**Exercise data:**
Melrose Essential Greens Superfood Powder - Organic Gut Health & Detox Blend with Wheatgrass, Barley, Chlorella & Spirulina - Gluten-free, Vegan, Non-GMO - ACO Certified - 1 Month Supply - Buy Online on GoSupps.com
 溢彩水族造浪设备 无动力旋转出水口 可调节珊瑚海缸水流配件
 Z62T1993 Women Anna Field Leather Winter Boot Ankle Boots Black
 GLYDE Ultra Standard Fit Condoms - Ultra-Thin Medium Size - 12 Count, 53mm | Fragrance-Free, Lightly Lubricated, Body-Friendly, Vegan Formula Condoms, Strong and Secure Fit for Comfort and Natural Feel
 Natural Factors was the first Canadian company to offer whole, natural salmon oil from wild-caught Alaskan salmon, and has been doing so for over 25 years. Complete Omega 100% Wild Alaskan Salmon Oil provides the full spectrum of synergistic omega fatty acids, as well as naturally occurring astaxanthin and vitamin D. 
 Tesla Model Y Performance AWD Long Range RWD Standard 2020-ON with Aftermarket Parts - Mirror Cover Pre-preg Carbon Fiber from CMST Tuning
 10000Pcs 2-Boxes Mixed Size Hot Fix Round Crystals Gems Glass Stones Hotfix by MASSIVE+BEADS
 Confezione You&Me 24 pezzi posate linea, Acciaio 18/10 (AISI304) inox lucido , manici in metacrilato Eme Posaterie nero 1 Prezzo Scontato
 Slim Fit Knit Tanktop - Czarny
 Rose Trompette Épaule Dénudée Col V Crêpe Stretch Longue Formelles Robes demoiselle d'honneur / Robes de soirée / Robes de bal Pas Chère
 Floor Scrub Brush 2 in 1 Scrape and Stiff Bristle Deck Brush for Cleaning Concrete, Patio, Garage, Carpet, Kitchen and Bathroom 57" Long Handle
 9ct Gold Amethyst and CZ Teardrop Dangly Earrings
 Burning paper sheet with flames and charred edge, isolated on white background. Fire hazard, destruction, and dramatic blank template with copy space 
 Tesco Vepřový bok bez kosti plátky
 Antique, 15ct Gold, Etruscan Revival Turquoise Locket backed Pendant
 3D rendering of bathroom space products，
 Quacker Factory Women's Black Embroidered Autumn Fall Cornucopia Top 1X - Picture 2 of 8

**Exercise description:** What this exercise asks for is the data above, retyped exactly.

**The answer:**
Melrose Essential Greens Superfood Powder - Organic Gut Health & Detox Blend with Wheatgrass, Barley, Chlorella & Spirulina - Gluten-free, Vegan, Non-GMO - ACO Certified - 1 Month Supply - Buy Online on GoSupps.com
 溢彩水族造浪设备 无动力旋转出水口 可调节珊瑚海缸水流配件
 Z62T1993 Women Anna Field Leather Winter Boot Ankle Boots Black
 GLYDE Ultra Standard Fit Condoms - Ultra-Thin Medium Size - 12 Count, 53mm | Fragrance-Free, Lightly Lubricated, Body-Friendly, Vegan Formula Condoms, Strong and Secure Fit for Comfort and Natural Feel
 Natural Factors was the first Canadian company to offer whole, natural salmon oil from wild-caught Alaskan salmon, and has been doing so for over 25 years. Complete Omega 100% Wild Alaskan Salmon Oil provides the full spectrum of synergistic omega fatty acids, as well as naturally occurring astaxanthin and vitamin D. 
 Tesla Model Y Performance AWD Long Range RWD Standard 2020-ON with Aftermarket Parts - Mirror Cover Pre-preg Carbon Fiber from CMST Tuning
 10000Pcs 2-Boxes Mixed Size Hot Fix Round Crystals Gems Glass Stones Hotfix by MASSIVE+BEADS
 Confezione You&Me 24 pezzi posate linea, Acciaio 18/10 (AISI304) inox lucido , manici in metacrilato Eme Posaterie nero 1 Prezzo Scontato
 Slim Fit Knit Tanktop - Czarny
 Rose Trompette Épaule Dénudée Col V Crêpe Stretch Longue Formelles Robes demoiselle d'honneur / Robes de soirée / Robes de bal Pas Chère
 Floor Scrub Brush 2 in 1 Scrape and Stiff Bristle Deck Brush for Cleaning Concrete, Patio, Garage, Carpet, Kitchen and Bathroom 57" Long Handle
 9ct Gold Amethyst and CZ Teardrop Dangly Earrings
 Burning paper sheet with flames and charred edge, isolated on white background. Fire hazard, destruction, and dramatic blank template with copy space 
 Tesco Vepřový bok bez kosti plátky
 Antique, 15ct Gold, Etruscan Revival Turquoise Locket backed Pendant
 3D rendering of bathroom space products，
 Quacker Factory Women's Black Embroidered Autumn Fall Cornucopia Top 1X - Picture 2 of 8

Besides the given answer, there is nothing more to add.